> _DIRECTIONS_:
Please output only the lines running from the one that contains "Politics LIVE: MPs" through the last line of the data below, exactly as they stand, with no pictures.

--- DATA EXTRACT Enclosed Below ---

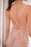 VenusFox 7Colors Women Nightdress Temptation Side Split Nightgown Sexy Lingerie Suspender Sheer Lace Embroidery Night Sleep Dress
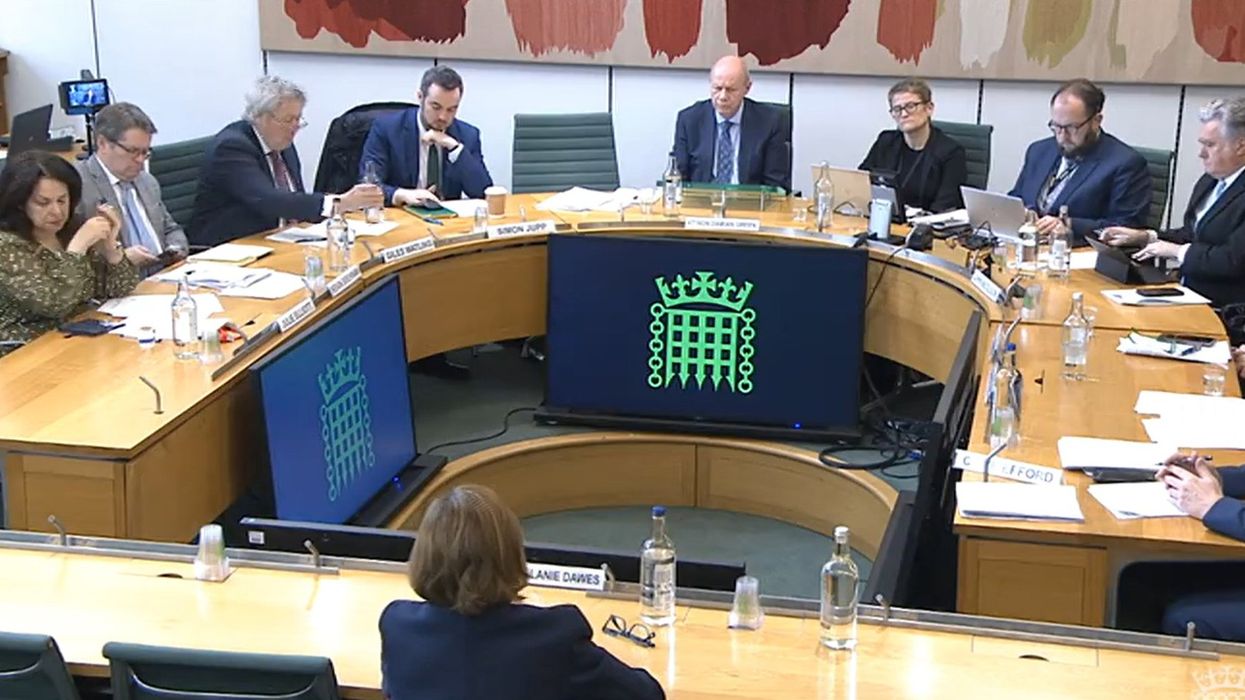 Politics LIVE: MPs to hold urgent BBC bias meeting after broadcaster doctored Donald Trump speech...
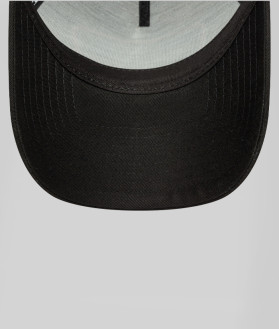 Casquette Unisexe New Era Patch Trucker Stade Toulousain 3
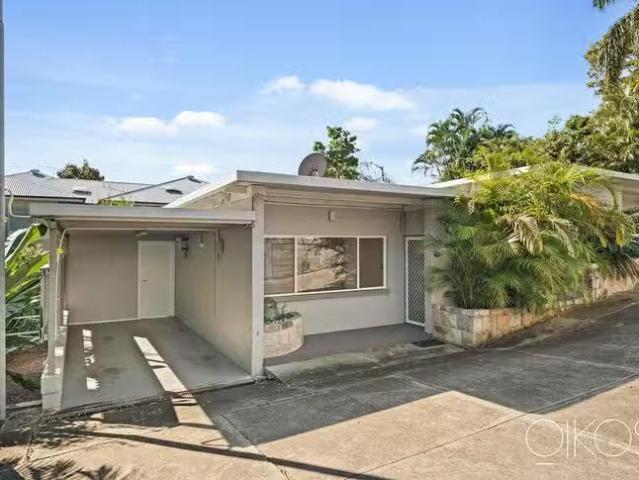 Apartment for rent in Toombul, Queensland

--- End of Enclosed DATA EXTRACT ---

> _RESPONSE TO THIS EXERCISE_:
 Politics LIVE: MPs to hold urgent BBC bias meeting after broadcaster doctored Donald Trump speech...
 Casquette Unisexe New Era Patch Trucker Stade Toulousain 3
 Apartment for rent in Toombul, Queensland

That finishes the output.